Lai Claudia K Y
School of Nursing, The Hong Kong Polytechnic University, Hung Hom, Kowloon, Hong Kong SAR, China.
BMC Nurs. 2007 Jul 17;6:5. doi: 10.1186/1472-6955-6-5.
To date, the literature has provided an abundance of evidence on the adverse outcomes of restraint use on patients. Reportedly, nurses are often the personnel who initiate restraint use and attribute its use to ensuring the safety of the restrained and the others. A clinical trial using staff education and administrative input as the key components of a restraint reduction program was conducted in a rehabilitation setting to examine whether there were any significant differences in the prevalence of restraint use pre- and post-intervention. Subsequent to the implementation of the intervention program, focus group interviews were conducted to determine the perspective of the nursing staff on the use of restraints and their opinions of appropriate means to reduce their use.
Registered nurses working in units involved in the study were invited to participate in focus group interviews on a voluntary basis. Twenty-two registered nurses (three males [13.6%] and nineteen females [86.4%]) attended the four sessions. All interviews were audio taped and transcribed verbatim.

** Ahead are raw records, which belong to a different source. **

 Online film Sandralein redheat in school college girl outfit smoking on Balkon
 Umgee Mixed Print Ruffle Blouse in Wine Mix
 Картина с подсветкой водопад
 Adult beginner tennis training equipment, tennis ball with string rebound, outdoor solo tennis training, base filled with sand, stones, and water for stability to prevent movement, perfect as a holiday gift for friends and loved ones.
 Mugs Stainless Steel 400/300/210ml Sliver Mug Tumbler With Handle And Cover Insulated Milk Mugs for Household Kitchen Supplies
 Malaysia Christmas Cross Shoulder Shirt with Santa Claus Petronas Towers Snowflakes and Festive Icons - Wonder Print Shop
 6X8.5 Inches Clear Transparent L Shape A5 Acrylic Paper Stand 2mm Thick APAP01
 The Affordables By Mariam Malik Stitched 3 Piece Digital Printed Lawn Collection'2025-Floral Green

Other than the author, another member of the project team validated the findings from the data analysis.
Four themes were identified. Participants experienced internal conflicts when applying physical restraints and were ambivalent about their use, but they would use restraints nonetheless, mainly to prevent falls and injuries to patients. They felt that nurse staffing was inadequate and that they were doing the best they could. They experienced pressure from the management level and would have liked better support. Communication among the various stakeholders was a problem. Each party may have a different notion about what constitutes a restraint and how it can be safely used, adding further weight to the burden shouldered by staff.

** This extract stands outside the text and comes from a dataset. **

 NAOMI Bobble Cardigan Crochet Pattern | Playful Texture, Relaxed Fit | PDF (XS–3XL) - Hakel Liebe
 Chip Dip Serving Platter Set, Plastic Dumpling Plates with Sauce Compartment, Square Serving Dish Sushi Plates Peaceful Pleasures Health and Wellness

Studies about restraints and restraint use have mostly focused on nurses' inadequate and often inaccurate knowledge about the use of restraints and its associated adverse effects. These studies, however, fail to note that nurses can also be victims of the system. Restraint use is a complex issue that needs to be understood in relation to the dynamics within an environment.

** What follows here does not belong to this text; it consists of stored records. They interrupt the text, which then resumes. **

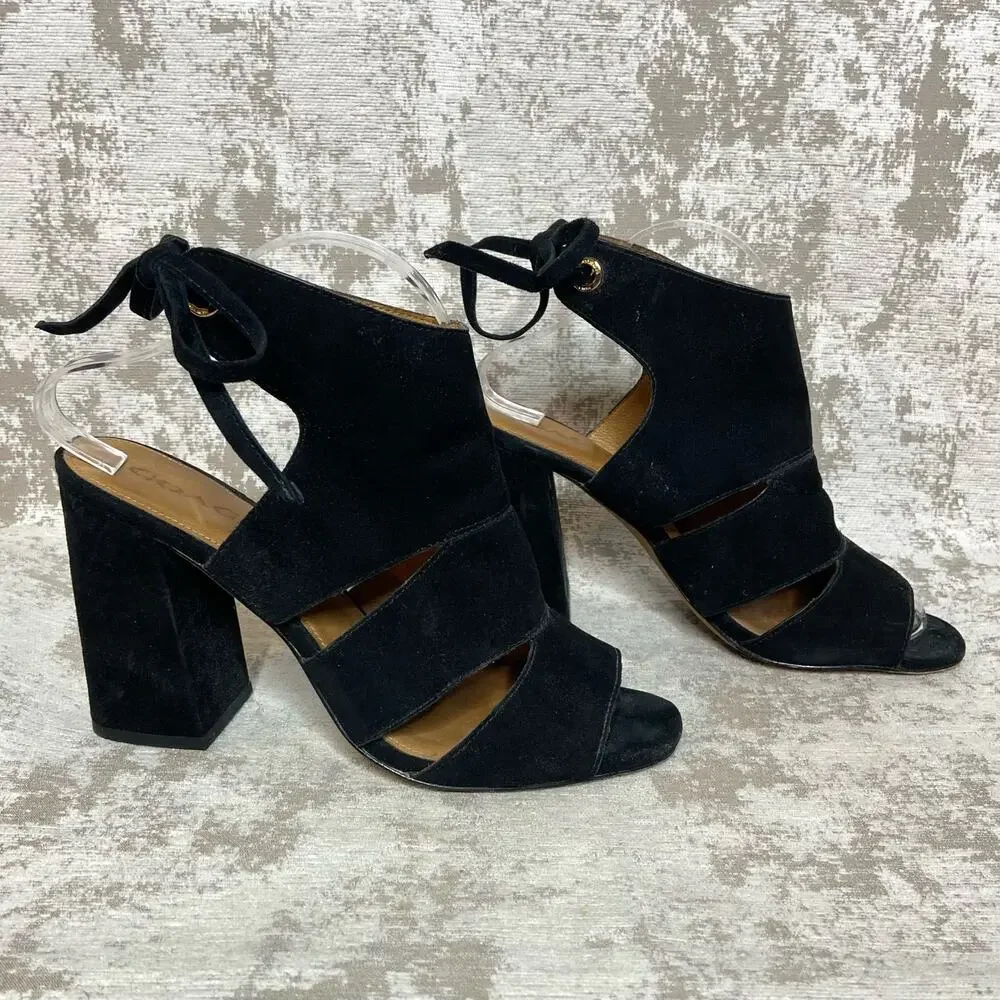 Coach Minetta Suede Tie Back Block Heeled Sandals in Black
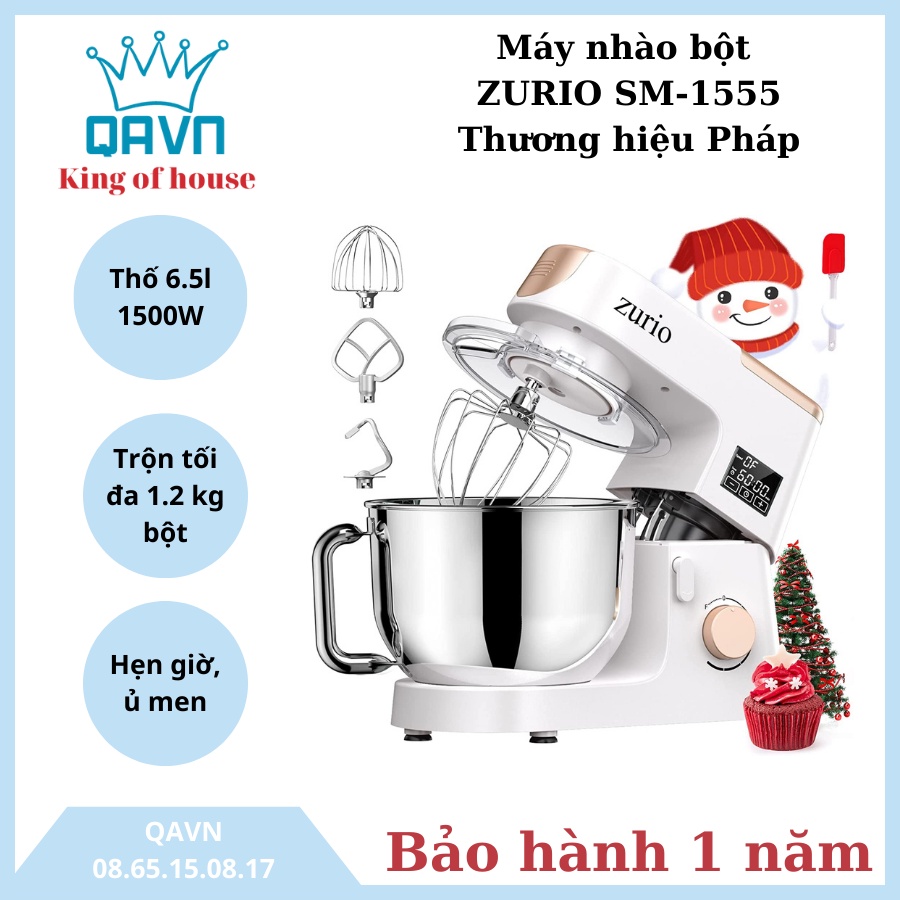 Máy nhào bột Zurio 6.5L 1500W có chức năng ủ bột và hẹn giờ - Phiên bản mới nhất 2022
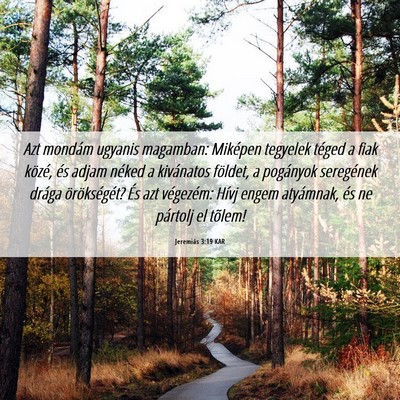 Picture 06 - Jeremiás 3:19 KAR - Azt mondám ugyanis magamban: Miképen tegyelek - Bible Verse Picture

迄今为止,文献已提供了大量关于使用约束措施对患者产生不良后果的证据。据报道,护士常常是发起约束措施使用的人员,并将其使用归因于确保被约束者及其他人的安全。在一个康复机构中进行了一项临床试验,该试验将员工教育和行政投入作为约束减少计划的关键组成部分,以检验干预前后约束措施使用的发生率是否存在显著差异。在干预计划实施后,进行了焦点小组访谈,以确定护理人员对约束措施使用的看法以及他们对减少约束措施使用的适当方法的意见。
邀请参与研究科室工作的注册护士自愿参加焦点小组访谈。22名注册护士(3名男性[13.6%]和19名女性[86.4%])参加了4次访谈。所有访谈均进行了录音并逐字转录。除作者外,项目团队的另一名成员对数据分析结果进行了验证。
确定了四个主题。参与者在应用身体约束措施时经历内心冲突,对其使用态度矛盾,但仍会使用约束措施,主要是为了防止患者跌倒和受伤。他们觉得护士人员配备不足,自己已尽力而为。他们感受到管理层的压力,希望得到更好的支持。各利益相关方之间的沟通是个问题。各方对于什么构成约束措施以及如何安全使用约束措施可能有不同的概念,这进一步加重了工作人员的负担。
关于约束措施及其使用的研究大多集中在护士对约束措施使用及其相关不良影响的知识不足且常常不准确这方面。然而,这些研究没有注意到护士也可能是该系统的受害者。约束措施的使用是一个复杂问题,需要结合环境中的动态情况来理解。